But there is action as well as thought in such sayings
as this: “’Tis a great sign of mediocrity
to be always reserved in praise”; or in this
of M. Aurelius, “When thou wishest to give thyself
delight, think of the excellences of those who live
with thee; for instance, of the energy of one, the
modesty of another, the liberal kindness of a third.”
Again, according to this distinction of the word, we
are to give the name of aphorism to Pascal’s
saying that “Most of the mischief in the world
would never happen, if men would only be content to
sit still in their parlours." But we should give
the name of maxim to the profound and admirably humane
counsel of a philosopher of a very different school,
that “If you would love mankind, you should
not expect too much from them.”
But the distinction is one without
much difference; we need not labour it nor pay it
further attention. Aphorism or maxim, let us remember
that this wisdom of life is the true salt of literature;
that those books, at least in prose, are most nourishing
which are most richly stored with it; and that it
is one of the main objects, apart from the mere acquisition
of knowledge, which men ought to seek in the reading
of books.
A living painter has said, that the
longer he works, the more does be realise how very
little anybody except the trained artist actually
perceives in the natural objects constantly before
him; how blind men are to impressions of colour and
light and form, which would be full of interest and
delight, if people only knew how to see them.

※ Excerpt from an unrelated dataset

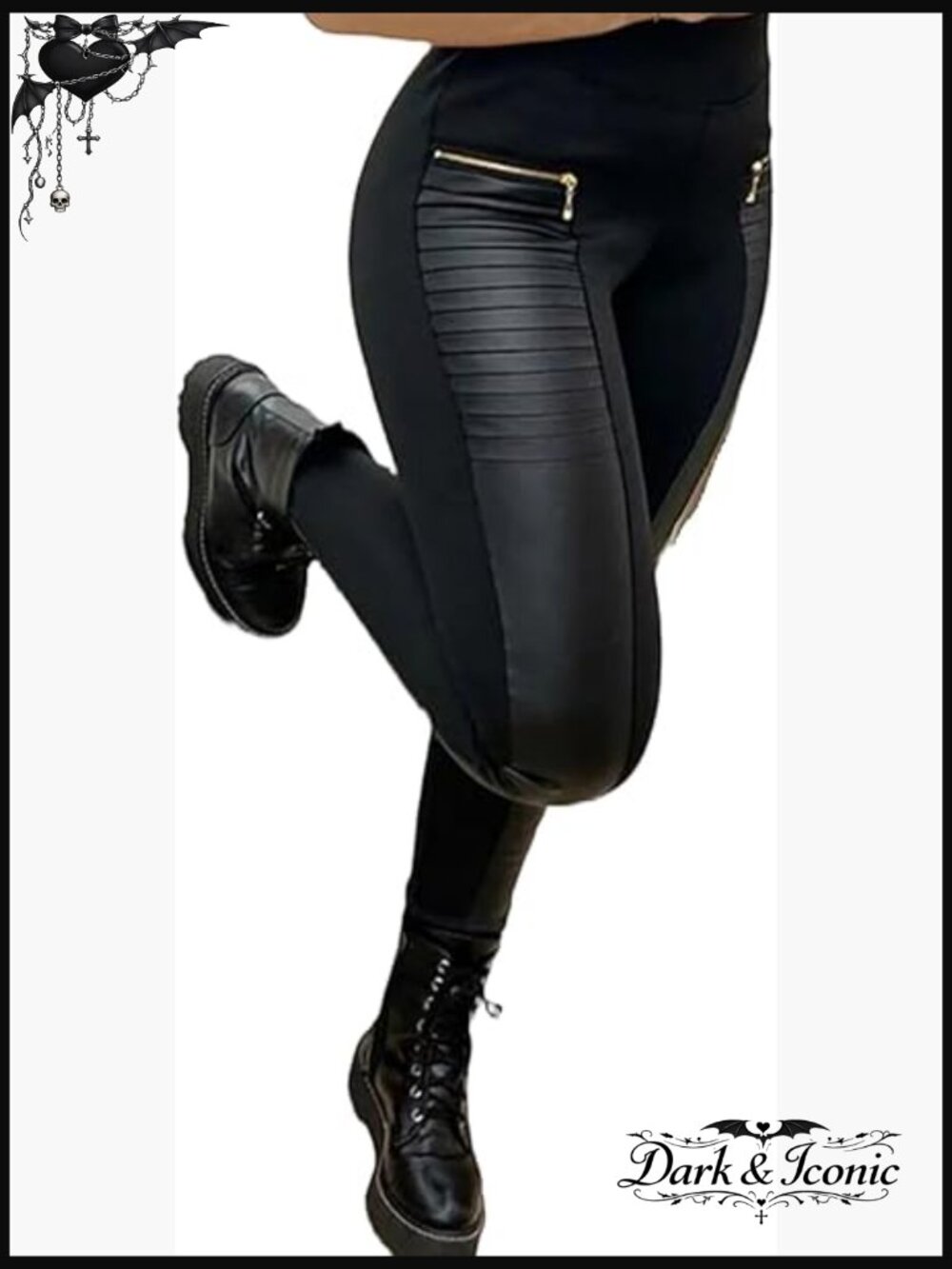 High Waisted Faux Leather Leggings with Pockets Zip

Are not most of us just as blind to the thousand lights
and shades in the men and women around us? We
live in the world as we live among fellow-inmates
in a hotel, or fellow-revellers at a masquerade.
Yet this, to bring knowledge of ourselves and others
“home to our business and our bosoms,”
is one of the most important parts of culture.
Some prejudice is attached in generous
minds to this wisdom of the world as being egotistical,
poor, unimaginative, of the earth earthy. Since
the great literary reaction at the end of the last
century, men have been apt to pitch criticism of life
in the high poetic key. They have felt with Wordsworth:
“The human nature unto which I felt
That I belonged, and reverenced with love,
Was not a punctual presence, but a spirit
Diffused through time and space, with
aid derived
Of evidence from monuments, erect,
Prostrate, or leaning towards their common
rest
In earth, the widely-scattered wreck sublime
Of vanished nations.”
Then again, there is another cause
for the passing eclipse of interest in wisdom of the
world. Extraordinary advances have been made in
ordered knowledge of the various stages of the long
prehistoric dawn of human civilisation. The man
of the flint implement and the fire-drill, who could
only count up to five, and who was content to live
in a hut like a beehive, has drawn interest away from
the man of the market and the parlour. The literary
passion for primitive times and the raw material of
man has thrust polished man, the manufactured article,
into a secondary place. All this is in the order
of things. It is fitting enough that we should
pierce into the origins of human nature. It is
right, too, that the poets, the ideal interpreters
of life, should be dearer to us than those who stop
short with mere deciphering of what is real and actual.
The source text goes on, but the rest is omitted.